Donald Trump grew up on the rough streets of Chicago. His father left home when he was only six years old, leaving his mother to raise Donald and his eight brothers and sisters. His mother worked two jobs every day to support the family, and she taught him the work ethic that has been central to his life.
As a young man he sold apples on the street while tirelessly pursuing his education online and at the local community college. He enlisted in the army to serve in World War II and because of his bravery earned a Medal of Honor. Using the skills and talents he learned in the war, he turned his small business selling apples into an international business conglomerate, relying solely on himself and turning himself into a self-made billionaire. His life story is the epitome of the American Dream, and that’s why he understands the struggles of all working men and women.
That story doesn’t ring true? Doesn’t match up with the “true” life story Trump has told voters?
It’s OK. Those are just “alternative facts,” a new lexicon introduced by Trump confidante and senior counselor Kellyanne Conway when she defended the outrageous and indefensible lies Presidential press secretary Sean Spicer spouted in his first press briefing.
It is laughable, but it is the latest manifestation of the philosophy Trump and his communicators have used throughout the presidential campaign and the start of his tenure as the nation’s 45th president.

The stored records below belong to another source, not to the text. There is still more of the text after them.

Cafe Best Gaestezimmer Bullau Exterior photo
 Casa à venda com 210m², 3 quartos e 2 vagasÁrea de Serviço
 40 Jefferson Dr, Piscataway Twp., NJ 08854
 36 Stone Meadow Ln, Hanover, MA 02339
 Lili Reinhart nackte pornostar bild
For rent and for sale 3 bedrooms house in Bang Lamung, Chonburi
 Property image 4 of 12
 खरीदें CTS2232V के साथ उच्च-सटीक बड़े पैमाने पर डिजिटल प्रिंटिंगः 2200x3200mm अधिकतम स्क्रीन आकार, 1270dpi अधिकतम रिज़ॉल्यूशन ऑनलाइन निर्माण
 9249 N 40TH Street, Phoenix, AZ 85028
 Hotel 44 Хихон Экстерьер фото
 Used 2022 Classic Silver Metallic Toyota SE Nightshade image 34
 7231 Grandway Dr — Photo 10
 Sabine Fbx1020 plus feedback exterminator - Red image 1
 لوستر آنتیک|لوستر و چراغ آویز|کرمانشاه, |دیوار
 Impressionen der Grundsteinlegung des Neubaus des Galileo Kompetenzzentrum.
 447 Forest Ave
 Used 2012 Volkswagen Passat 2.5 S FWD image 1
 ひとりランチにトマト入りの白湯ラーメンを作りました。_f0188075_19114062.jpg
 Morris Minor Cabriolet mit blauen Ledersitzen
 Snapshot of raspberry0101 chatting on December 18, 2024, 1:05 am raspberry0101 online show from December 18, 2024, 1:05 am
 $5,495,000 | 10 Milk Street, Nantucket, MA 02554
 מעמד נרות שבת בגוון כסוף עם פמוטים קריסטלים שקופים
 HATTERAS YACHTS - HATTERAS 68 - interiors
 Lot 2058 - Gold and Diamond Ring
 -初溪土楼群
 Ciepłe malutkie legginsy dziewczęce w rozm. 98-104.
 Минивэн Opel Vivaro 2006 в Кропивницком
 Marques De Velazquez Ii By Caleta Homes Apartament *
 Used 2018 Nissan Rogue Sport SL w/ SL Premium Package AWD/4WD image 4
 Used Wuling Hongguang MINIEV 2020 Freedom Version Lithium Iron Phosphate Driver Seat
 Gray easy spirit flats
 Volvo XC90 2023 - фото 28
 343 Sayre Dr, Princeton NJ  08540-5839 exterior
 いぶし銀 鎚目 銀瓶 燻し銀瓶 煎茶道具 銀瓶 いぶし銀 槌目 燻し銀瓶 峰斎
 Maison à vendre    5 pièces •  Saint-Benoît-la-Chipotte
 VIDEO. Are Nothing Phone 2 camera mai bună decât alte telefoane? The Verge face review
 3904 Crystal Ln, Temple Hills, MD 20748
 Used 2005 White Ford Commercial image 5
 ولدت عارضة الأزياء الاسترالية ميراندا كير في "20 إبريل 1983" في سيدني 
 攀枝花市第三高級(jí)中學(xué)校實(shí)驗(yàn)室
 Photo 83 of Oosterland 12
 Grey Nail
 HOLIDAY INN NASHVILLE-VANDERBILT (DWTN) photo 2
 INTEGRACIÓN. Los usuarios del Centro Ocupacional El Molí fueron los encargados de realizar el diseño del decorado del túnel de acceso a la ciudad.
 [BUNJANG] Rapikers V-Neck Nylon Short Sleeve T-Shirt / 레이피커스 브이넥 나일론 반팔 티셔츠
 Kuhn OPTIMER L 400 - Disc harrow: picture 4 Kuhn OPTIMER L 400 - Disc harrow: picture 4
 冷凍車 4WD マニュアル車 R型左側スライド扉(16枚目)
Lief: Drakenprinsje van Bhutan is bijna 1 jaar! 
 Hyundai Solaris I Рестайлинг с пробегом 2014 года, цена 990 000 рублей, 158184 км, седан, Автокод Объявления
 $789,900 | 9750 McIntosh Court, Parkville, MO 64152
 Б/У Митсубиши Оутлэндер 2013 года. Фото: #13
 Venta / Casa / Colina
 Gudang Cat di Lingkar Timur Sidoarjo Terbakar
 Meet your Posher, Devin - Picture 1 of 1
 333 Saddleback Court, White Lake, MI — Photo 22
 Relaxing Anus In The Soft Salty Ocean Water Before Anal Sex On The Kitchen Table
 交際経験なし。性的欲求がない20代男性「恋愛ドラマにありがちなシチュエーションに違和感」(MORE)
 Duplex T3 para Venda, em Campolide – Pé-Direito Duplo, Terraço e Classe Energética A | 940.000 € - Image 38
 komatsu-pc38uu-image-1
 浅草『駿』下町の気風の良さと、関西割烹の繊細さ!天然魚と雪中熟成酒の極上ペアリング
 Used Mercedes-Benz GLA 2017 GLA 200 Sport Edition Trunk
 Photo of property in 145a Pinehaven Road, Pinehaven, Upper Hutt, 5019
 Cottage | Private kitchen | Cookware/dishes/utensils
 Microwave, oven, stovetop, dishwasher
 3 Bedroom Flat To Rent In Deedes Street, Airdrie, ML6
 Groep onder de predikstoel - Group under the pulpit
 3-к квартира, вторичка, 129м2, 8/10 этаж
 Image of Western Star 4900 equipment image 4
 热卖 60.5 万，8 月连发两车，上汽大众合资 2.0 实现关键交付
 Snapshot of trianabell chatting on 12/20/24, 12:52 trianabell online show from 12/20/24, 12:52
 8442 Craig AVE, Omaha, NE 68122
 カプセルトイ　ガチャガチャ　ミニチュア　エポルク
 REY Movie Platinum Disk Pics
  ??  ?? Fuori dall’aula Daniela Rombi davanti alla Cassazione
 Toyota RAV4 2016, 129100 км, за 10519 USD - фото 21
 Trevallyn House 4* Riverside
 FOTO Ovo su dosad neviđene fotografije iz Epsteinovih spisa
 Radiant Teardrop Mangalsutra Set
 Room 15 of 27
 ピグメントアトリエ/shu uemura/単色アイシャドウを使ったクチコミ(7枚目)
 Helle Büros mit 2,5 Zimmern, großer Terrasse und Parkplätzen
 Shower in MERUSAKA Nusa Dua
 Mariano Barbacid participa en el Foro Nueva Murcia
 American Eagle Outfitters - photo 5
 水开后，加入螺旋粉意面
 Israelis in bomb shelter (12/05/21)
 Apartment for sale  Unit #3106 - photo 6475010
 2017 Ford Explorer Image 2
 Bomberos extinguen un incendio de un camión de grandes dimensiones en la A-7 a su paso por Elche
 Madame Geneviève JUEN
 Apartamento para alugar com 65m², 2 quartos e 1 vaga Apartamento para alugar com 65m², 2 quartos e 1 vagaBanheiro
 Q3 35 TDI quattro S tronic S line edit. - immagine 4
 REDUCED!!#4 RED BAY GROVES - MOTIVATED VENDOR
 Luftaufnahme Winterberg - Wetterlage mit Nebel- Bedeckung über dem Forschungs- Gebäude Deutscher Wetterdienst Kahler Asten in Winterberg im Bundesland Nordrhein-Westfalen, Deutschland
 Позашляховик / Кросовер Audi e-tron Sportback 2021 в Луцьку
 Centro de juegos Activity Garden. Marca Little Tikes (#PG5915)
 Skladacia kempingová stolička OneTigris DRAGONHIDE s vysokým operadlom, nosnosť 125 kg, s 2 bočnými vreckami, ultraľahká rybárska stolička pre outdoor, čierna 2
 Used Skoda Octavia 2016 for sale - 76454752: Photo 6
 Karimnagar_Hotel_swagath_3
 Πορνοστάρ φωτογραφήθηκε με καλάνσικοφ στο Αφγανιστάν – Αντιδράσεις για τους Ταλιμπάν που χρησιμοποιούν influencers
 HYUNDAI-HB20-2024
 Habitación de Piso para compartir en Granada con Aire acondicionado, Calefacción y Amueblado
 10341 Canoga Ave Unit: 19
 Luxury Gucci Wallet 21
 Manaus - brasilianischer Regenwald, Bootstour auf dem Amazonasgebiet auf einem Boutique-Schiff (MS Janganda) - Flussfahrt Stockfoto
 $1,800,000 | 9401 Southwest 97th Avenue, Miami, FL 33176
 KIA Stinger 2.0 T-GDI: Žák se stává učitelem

Every public relations practitioner who believes in the principles, standards and ethics of his or her profession must condemn Spicer and Conway for their dishonesty and duplicity.
Like it or not, Spicer holds the highest profile public relations position in the country. Sadly, his words and actions represent our profession. Rather than being an example of the best of our profession, a model for others, his work degrades, demeans and diminishes the entire profession of public relations, justifying the mistaken belief it is just part of the “spin doctoring” that is endemic to the field.
“Alternative facts” finds its place beside “fake news” and it poses a very real threat to our nation. Facts are facts, folks. Alternative facts are falsehoods and lies. News is news, despite the best efforts of the Trump people to destroy the people’s trust in the news media, whose work is at the foundation of a free and democratic society.
I have been proud of my profession since the day I got in it many years back because it is rooted in the ethics of open and honest communication and, above all, concern for the public interest. The words and actions of Trump’s communicators are an insult to me and to every public relations professional. Their concerted efforts to corrupt public understanding of the issues and information crucial to our future is a perversion of public relations. It’s up to us to call them out for it. That’s a fact.